The full listing is to be written out again, unchanged.

───── Data to examine

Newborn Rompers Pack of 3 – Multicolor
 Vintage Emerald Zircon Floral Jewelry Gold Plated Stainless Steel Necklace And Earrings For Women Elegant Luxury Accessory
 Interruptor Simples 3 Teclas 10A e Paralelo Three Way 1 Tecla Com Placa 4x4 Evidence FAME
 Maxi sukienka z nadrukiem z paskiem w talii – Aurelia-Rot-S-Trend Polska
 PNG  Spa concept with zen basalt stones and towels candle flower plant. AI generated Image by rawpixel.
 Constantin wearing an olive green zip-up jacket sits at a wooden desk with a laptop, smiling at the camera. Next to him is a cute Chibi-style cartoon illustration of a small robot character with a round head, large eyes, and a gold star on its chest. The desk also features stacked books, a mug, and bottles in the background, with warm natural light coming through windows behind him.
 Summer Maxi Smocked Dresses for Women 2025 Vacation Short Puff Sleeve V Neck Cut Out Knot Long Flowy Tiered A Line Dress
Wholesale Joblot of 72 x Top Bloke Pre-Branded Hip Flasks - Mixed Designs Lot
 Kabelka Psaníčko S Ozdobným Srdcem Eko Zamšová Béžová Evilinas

──────────

▸ Exercise output:
Newborn Rompers Pack of 3 – Multicolor
 Vintage Emerald Zircon Floral Jewelry Gold Plated Stainless Steel Necklace And Earrings For Women Elegant Luxury Accessory
 Interruptor Simples 3 Teclas 10A e Paralelo Three Way 1 Tecla Com Placa 4x4 Evidence FAME
 Maxi sukienka z nadrukiem z paskiem w talii – Aurelia-Rot-S-Trend Polska
 PNG  Spa concept with zen basalt stones and towels candle flower plant. AI generated Image by rawpixel.
 Constantin wearing an olive green zip-up jacket sits at a wooden desk with a laptop, smiling at the camera. Next to him is a cute Chibi-style cartoon illustration of a small robot character with a round head, large eyes, and a gold star on its chest. The desk also features stacked books, a mug, and bottles in the background, with warm natural light coming through windows behind him.
 Summer Maxi Smocked Dresses for Women 2025 Vacation Short Puff Sleeve V Neck Cut Out Knot Long Flowy Tiered A Line Dress
Wholesale Joblot of 72 x Top Bloke Pre-Branded Hip Flasks - Mixed Designs Lot
 Kabelka Psaníčko S Ozdobným Srdcem Eko Zamšová Béžová Evilinas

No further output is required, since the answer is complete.